Mohamed Ahmed: Let’s start with something important. First of all, do not confuse, I would tell everyone, do not confuse speed with working hard. Moving fast doesn’t mean that you need to work more hours. That’s number one. Then if we dig even further and say, okay, what does it mean to move fast? There are two things for you as an entrepreneur that you need to focus on. Number one is maximizing the learning. How do you learn really quickly? This is really important. And we’re going to get into the AI and how that can help you and the examples for that. And the second one is making decisions quickly based on enough data.

So let’s talk about the first one first. So maximizing learning means that you uncover the unknowns or you de-risk whatever you’re going through very quickly. So for example, you have a product idea and you want to know whether this product idea is a good one or not. There’s so many different ways to do it. If we talk about the enterprise way or big companies way, okay, let’s build a product or maybe a small version of it and take it from that point. This is too long. This is too slow for startups. For you, if you figure out the right questions and be able to get to the right people very quickly, then you’ll be able to learn much, much faster. So you can condense a few months into a week, for example. So maximizing the learning is very important and that requires from you to really move very, very quickly.

Now how the AI can help you with that a lot. I remember in the old days we needed to design. If I use the same example, you know, design the questions, you know, what would be the ideal profile and all of that, that would make it take me at least a week or two of research. Right now I still do the same thing. 20 minutes and I’m done. And I’m just ready to go. And this is one of the advantages, I would say, of AI. It actually removes the cognitive overhead that you may have to prepare for any experiment as an entrepreneur. And this is also another thing. Maximizing learning means that you’re having an experimental mindset. You’re just experimenting all the time.

And the second one is making decisions. And this is really important. Which is again, it’s another way of saying, you know, work with vague situations. You’re not going to have, you never have the full data. If you have the full data is probably too late. It’s probably someone has already reached out to the same conclusion way before you. So being able to make decisions quickly is also another thing. And also this is another thing that I personally use AI a lot on, bringing the insights from what is going on in the market and asking the right questions, giving the right context to AI. And surprisingly, I was also using DeepSeek the last few days to analyze a few customer or prospect interviews and give me a plan to what is next. Again, it just condensed weeks into 20 minutes, 30 minutes. And that made me actually do more. In a very short time, I get into the action much sooner than before.

You know, there’s this mantra, famous mantra, it’s always said in the Silicon Valley, get out of the office. And that’s what is actually, and go and talk to people. This is what, for example, AI and fast learning would help you to.
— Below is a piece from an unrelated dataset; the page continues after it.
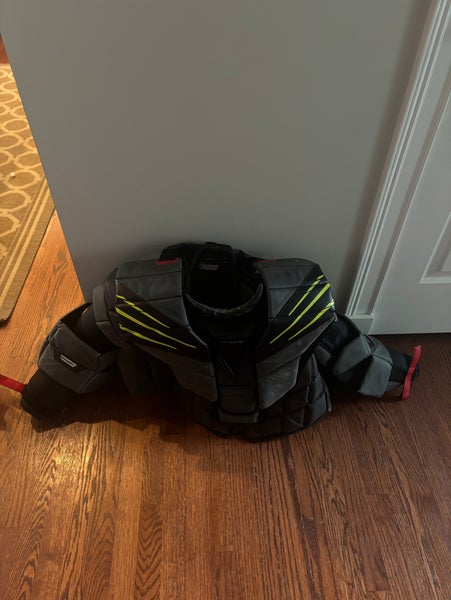Used Senior Small Bauer Hyperlite Goalie Chest Protector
Instead of spending four hours in the office and the other four hours in the office, now I don’t need more than one hour to plan and then the rest of my day just talking to customers and experimenting and trying new stuff. This is, I would say, key and mastering acquiring that skill or that mindset and continuing with it. I would say it’s the biggest, one of the biggest assets that any entrepreneur would have. Regardless whether you’re VC funded, you’re in tech or non-tech, it’s all about just moving fast in a way that would allow you to make decisions quickly, learn very quickly, quicker than anyone else.
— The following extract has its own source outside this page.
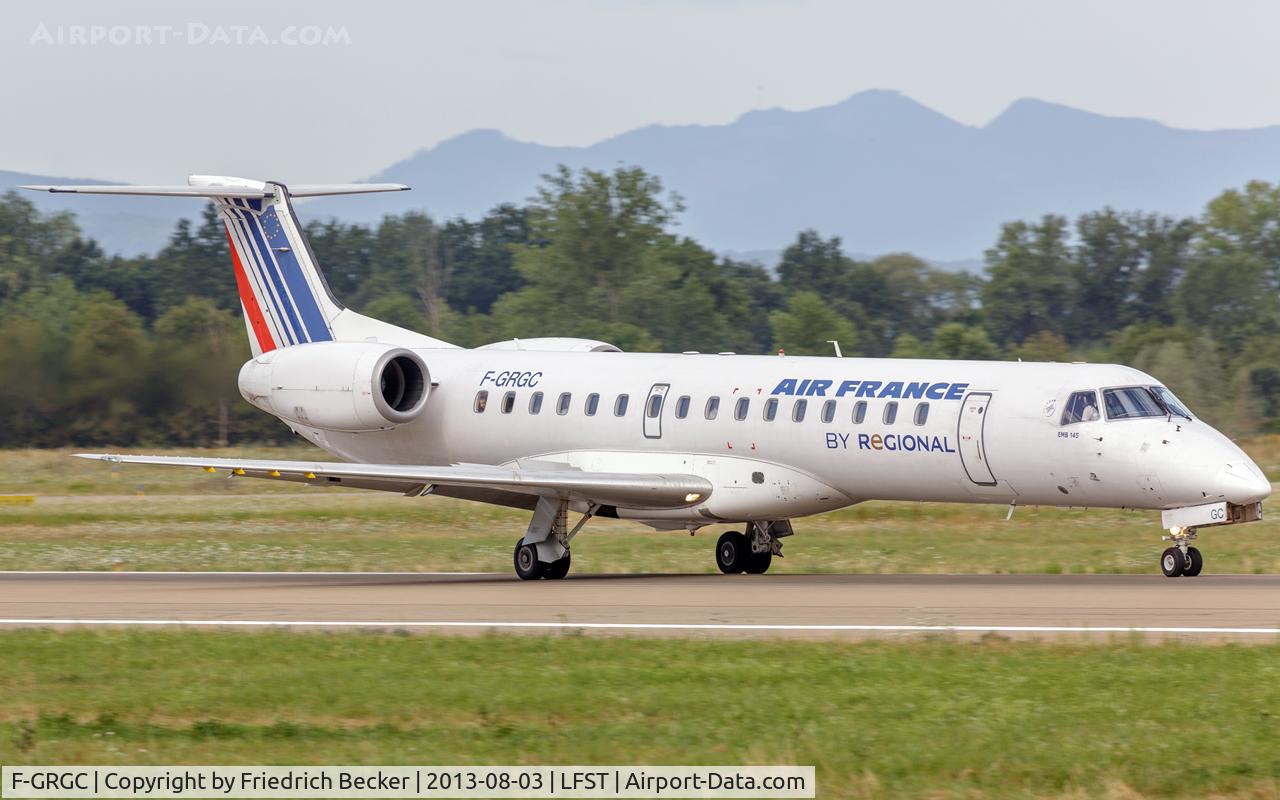 F-GRGC, 1997 Embraer EMB-145EU (ERJ-145EU) C/N 145012, decelerating after touchdown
Dave: You know, one of the lessons I gave and thoughts for success, I always do an end of the year episode where I give my thoughts of the year and lessons learned as well as my best piece of advice for the next year. And one of those pieces of advice was if you are not working in utilizing AI LLMs like a Chat GPT or you know, whatever it is on a daily basis in your business, you are losing ground because your competition is. But it’s still just a tool to use at this point. It’s we haven’t gotten, and this is what I would talk about it to where it actually is really like just working, doing all the work for you, right. For things, right. So I want to take just a quick one minute break. I want to dig into that. Cause I’ve seen some things lately that I think are astounding, you know, leaps and bounds. And I want to get your take on it. So we’ll do that. We’ll be right back.

[Break]

Dave: Okay, so Mohamed, before the break, I was talking about how AI is, the LLMs like ChatGPT and stuff are just a tool that you can use and the better you get at using them, obviously they make you more efficient. For example, right now, while we’re doing this interview, earlier today, I had an idea, I’ve got my RSS feed for my Misfit Entrepreneur blog. I’ve been writing that blog for nine years, right? There’s hundreds of blog posts on that, right? So I gave the RSS feed to ChatGPT and said, I want to do a 10 book series on the main, big, you know, best core themes from these blogs over the years. You know, can you outline the series? Can you create the books themselves, right? The outlines of the books as well as the content for the books for me to review and optimized for Amazon KDP and everything else that they need to be done and all that. And it’s like just right now working behind the scenes over here doing that while you and I are having a conversation, right? Like that would take me a good year to probably pull all that together and stuff.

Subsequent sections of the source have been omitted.